La faute n'en revient sans doute pas au Cardinal Doyen, mais l'événement si nouveau de la «renonciation» du pape Benoît ne pouvait causer un écho plus ringard que celui contenu dans le télégramme des Cardinaux.
On dirait que le service qui l'a rédigé a utilisé le schéma d'un message ordinaire de «félicitations», disons pour le cinquantième anniversaire d'ordination d'un cardinal, où il y a toujours le «pieux» salut, «la gratitude renouvelée» la «généreuse sollicitude».

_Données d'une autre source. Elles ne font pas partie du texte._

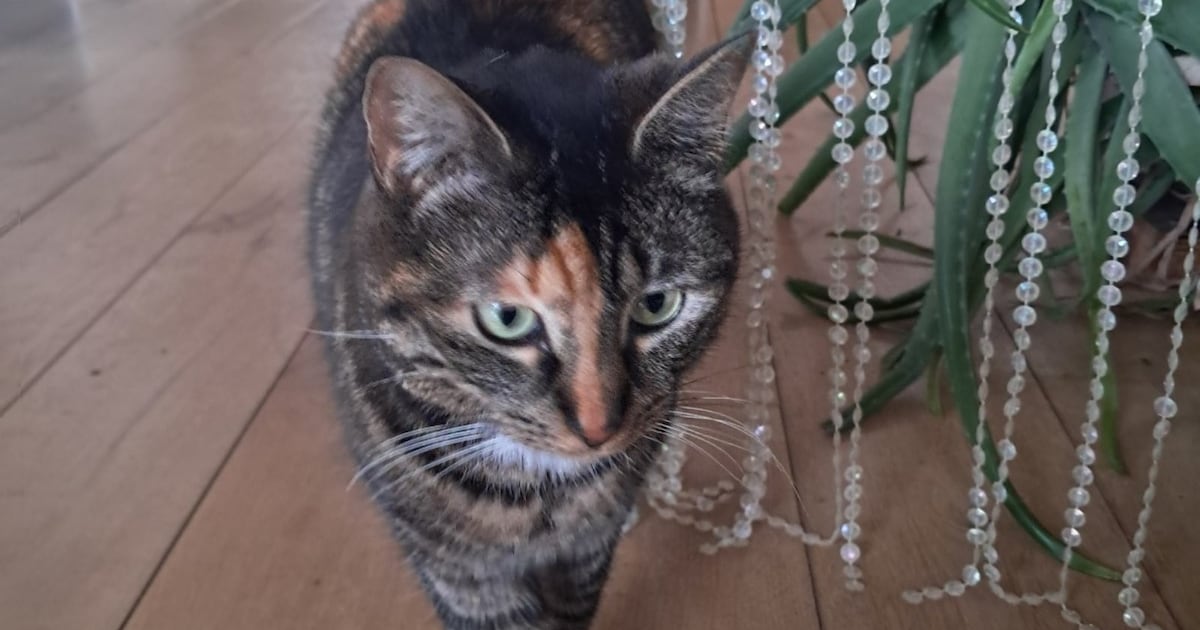 Heb jij Tijger, Ollie of Astro gezien? Deze vijf huisdieren worden in Amstelveen vermist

Imaginons que Ratzinger-Benoît ait quand même apprécié que les cardinaux lui aient adressé une pensée, s'adressant à lui avec le titre de «Pape émérite», qu'il avait choisi pour lui-même.
Mais comme un télégramme venu de Moscou, signé par le patriarcheCyril, lui était arrivé quelques heures plus tôt, le pape de la renonciation n'aura pas pu ne pas sentir la différence dans le ton et l'affection.
Cyril le salue «en ces jours si particuliers» avec «amour fraternel», il rappelle la décision de quitter le Pontificat comme «un geste de simplicité et d'humilité» qui a trouvé «une vive réponse dans le cœur de beaucoup».
Il rappelle la «chaleur» des rencontres avec lui quand il était cardinal et lui souhaite «une bonne santé et une longue vie».
La matière pour dire quelque chose existait donc, et à Moscou, ils l'ont saisie mieux qu'au Vatican .
Peut-être parce que parfois la distance aide...;

Mise à jour

Le Corriere della Sera revient dans un article (de Paolo Conti) sur les "photos volées" au Pape Benoît XVI, et c'est vrai qu'elles soulèvent un problème moral, même si elles apportaient, tous comptes faits, une bonne nouvelle, raison pour laquelle, après avoir réfléchi, je les ai publiées. D'autant plus qu'elles ont été immédiatement vendues à ... Paris Match, qui n'est pas précisèment un exemple de déontologie.
Elles auraient été prises depuis le balcon d'une maison ayant vue sur le parc papal, dont la proprétaire s'est souvenue qu'elle comptait parmi ses amis un photographe... Tiens donc! Je suppose que l'appât du gain n'est pas étranger à son retour de flamme.
Ces photos ont d'ailleurs suscité un fort agacement chez les responsables de la sécurité et le Directeur des villas pontificales Saverio Petrillo. Car elles ne manquent pas de soulever des questions sur la sécurité du Saint-Père, justement.
Dans sa denière catéchèse, mercredi 27 février dernier (huit jours déjà), Benoît XVI rappelait qu'un Pape renonce pour toujours à sa vie privée.
Il disait vrai.
Oui, comme le conclut l'auteur de l'article, "être Pape est un dur métier"!